University of Oregon professors Kent McIntosh and Erik Girvan call these moments of discipline in schools “vulnerable decision points.” They’ve tracked discipline incidents and analyzed the data to show that such moments are often predictable. When teachers are fatigued at the end of the day or week or hungry after skipping lunch, they’re more likely to make rash decisions. Some moments are more specific to a classroom or teacher, but many can still be anticipated — for example, a kid with whom a teacher had a power struggle talks back in class.
McIntosh has trained hundreds of teachers to use if/then tactics, and Ellwood invited him to work with teachers in her school. He asked teachers to make an advanced plan for how they’d respond in a future moment when they’d be tempted to issue harsh discipline — and to state their plan clearly and concretely, aloud and on paper. The idea was to create an impulse buffer: a delay between the moment of frustration and the decision to discipline.
Let’s suppose a teacher recognized that she got frustrated on days she skipped lunch, especially when kids interrupted her as she was speaking. She’d make an advanced if/then plan and state it aloud as follows: “If a student speaks out of turn, then I will drop a pencil and take a deep breath before deciding what to do.” Or, she might say: “If a certain student acts up, then I will take three steps back with my hands behind me.”
After if/ then rituals were adopted, the skewed disciplining of black students dropped significantly in Elwood’s school.

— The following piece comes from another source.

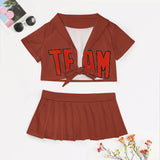 Custom Coral Red Orange Red Cheerleading Uniform Set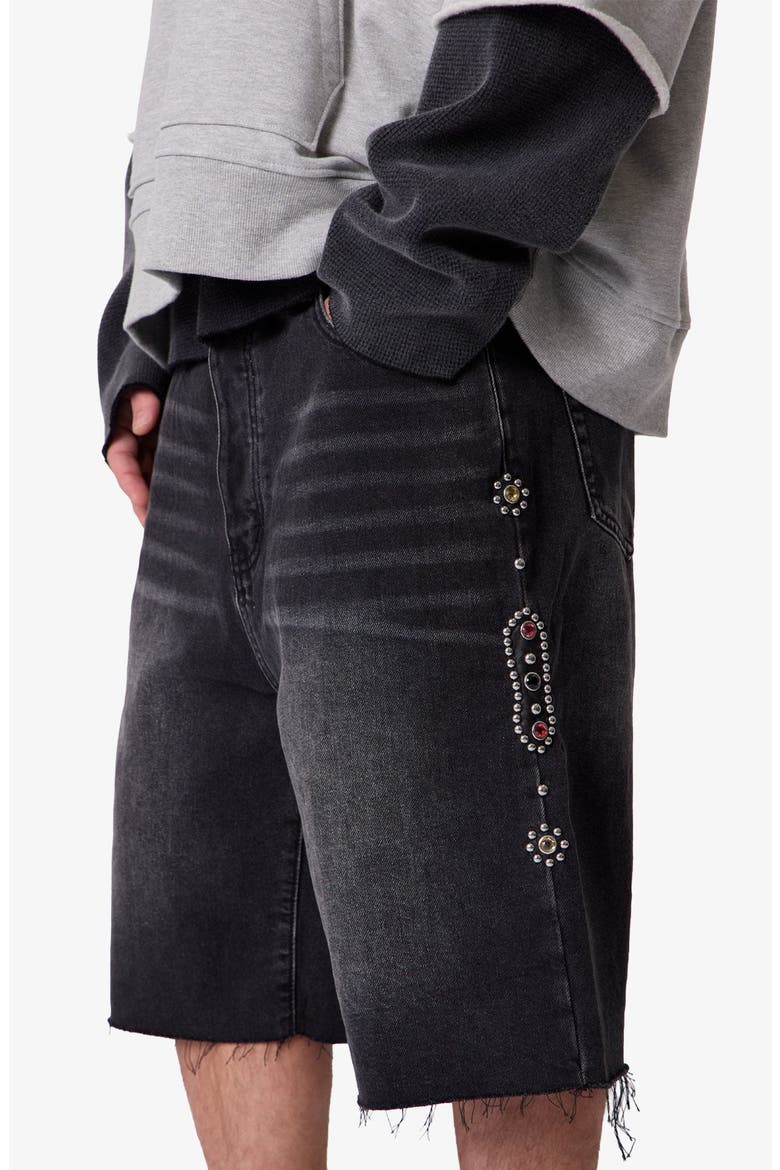 Baggy Mojave Embellished Cutoff Denim Shorts, Alternate, color, BLACK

Overall, fewer students were sent to the principal’s office. McIntosh and Girvan are studying such tactics across multiple schools in the US to see if they consistently reduce discrepancies in the discipline. Although the work is promising, it remains to be proven whether if/then strategies work across schools and classrooms. Still, simple rituals like these show that we each have the potential to help us be our best selves in the future.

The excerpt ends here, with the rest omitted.